If you are going to collect plants in a scientific way, you should use a proper plant press. The drawing on the right shows a good design for one of the two identical frames that you need.
(It is, by the way, scanned-in from my well and truly out of print Exploring the Environment. The copyright is mine, and I hereby place this image in the public domain.)
The best material is 19 x 6 mm softwood, held together with small nails (I called them "panel pins" in 1985 when I did this pic, but going on more recent experience, I recommend using 1" flatheads).
The nails need to be long enough to go right through both pieces, but be sure to turn the frame over and knock the points down flat (and think about where the nail points will go when you first drive them through!). The size needs to be about that of a sheet of tabloid newspaper, because you will use a lot of newspapers to dry your specimens.
You need to know something about plants before you start collecting specimens, so do some research or ask. You need to be able to guess which species might be protected, and you need to know if you are allowed to collect or not. (If you are in a botanic gardens or a national park, the answer is "no!").
Your specimen size will depend on the mounting paper the plants will go on. Use secateurs or clippers to make a neat cut. The ideal time to take a specimen is when it has both flowers and seed on it.
Some plants may be too large for the amateur to press in the usual way. This is a cabbage tree palm. |
Noting the soil type might seem odd, but some plant species are very fussy about where they grow, and your records might reveal this. Around Sydney, geologists used to work out where shale is exposed from aerial photographs. If they can see cabbage-tree palms, there is shale rock beneath the tree canopy.
You can also use a GPS to locate the plant if you have one, and maybe take a photo of the plant with a digital camera (ah, the marvellous toys that the younger generation have today. Sheer looxury, that's what it is!)
When you get home, put the specimen and the finder note inside two sheets of newspaper, stack the specimens on one frame, put the other frame on top and use weights, a rope or a belt to squeeze the two frames together.
Warning:
You will probably have collected a number of insects and spiders with your plants, so try to store the press somewhere outside that is dry and warm.

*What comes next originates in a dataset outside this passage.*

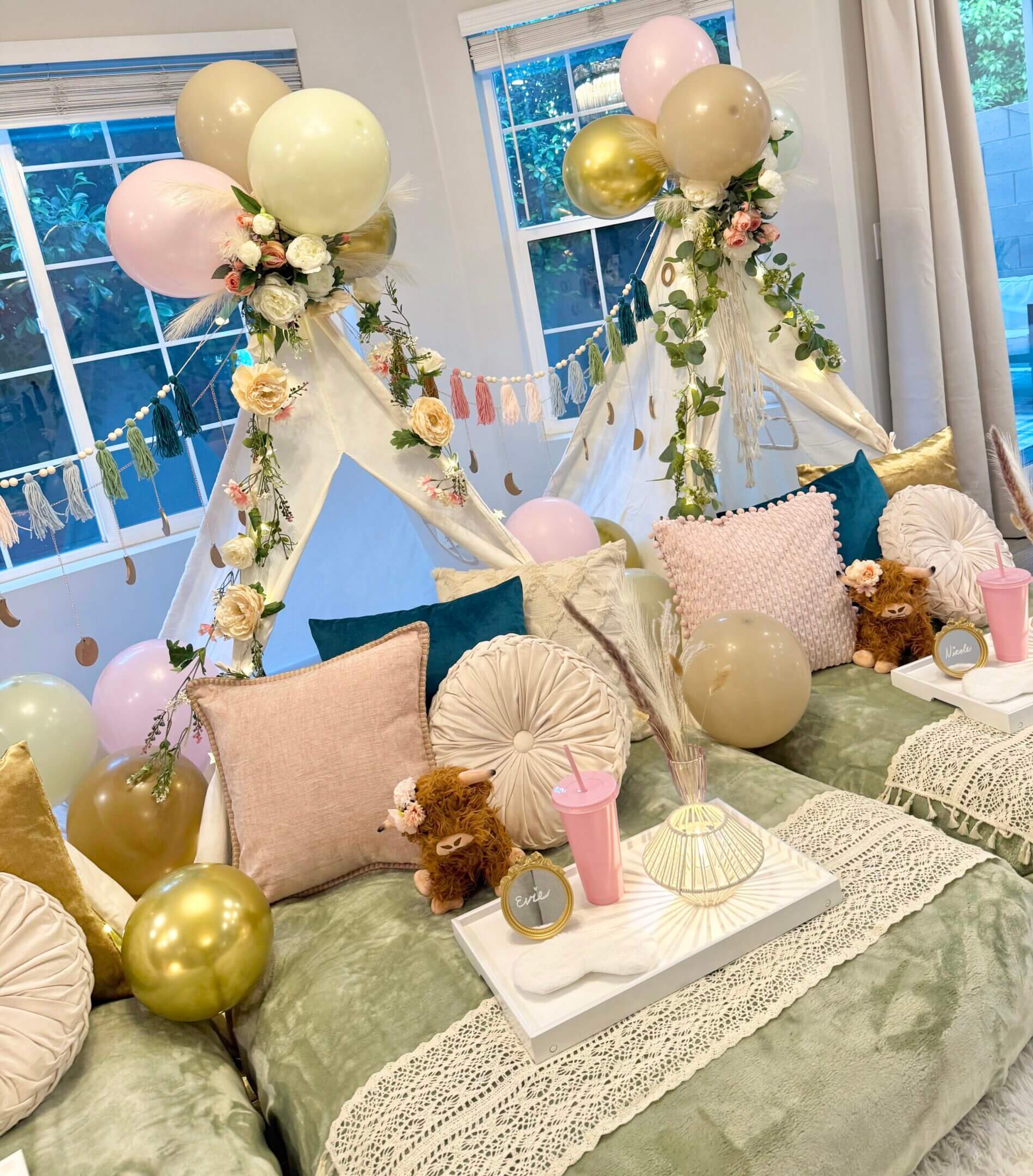 Pastel teepee slumber party with balloons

You should change the newspaper every day, and don't forget to transfer the finder note over at the same time. The old paper can be put in the recycling, but don't use it for other plants, because it will be damp.
After about a week, once the plant specimens are really dry and flat, you can tape or glue them to sheets of white paper. Use PVA wood glue and apply light pressure for an hour. Glue the finder note to the same sheet and store your specimens in a box. In a proper herbarium, poisonous chemicals like camphor and naphthalene are often used to keep insect pests away: these are not hood around the domestic scene.
Now you need to name your plants. You have several choices to identify plants. You can ask an expert, you can look at a book with photos produced by an expert, or you can use a dichotomous key, a set of questions that you work through until you have only one species left. Using a key is hard, but if you are able to ask an expert, you are also able to ask an expert to help you by showing you how to use a key.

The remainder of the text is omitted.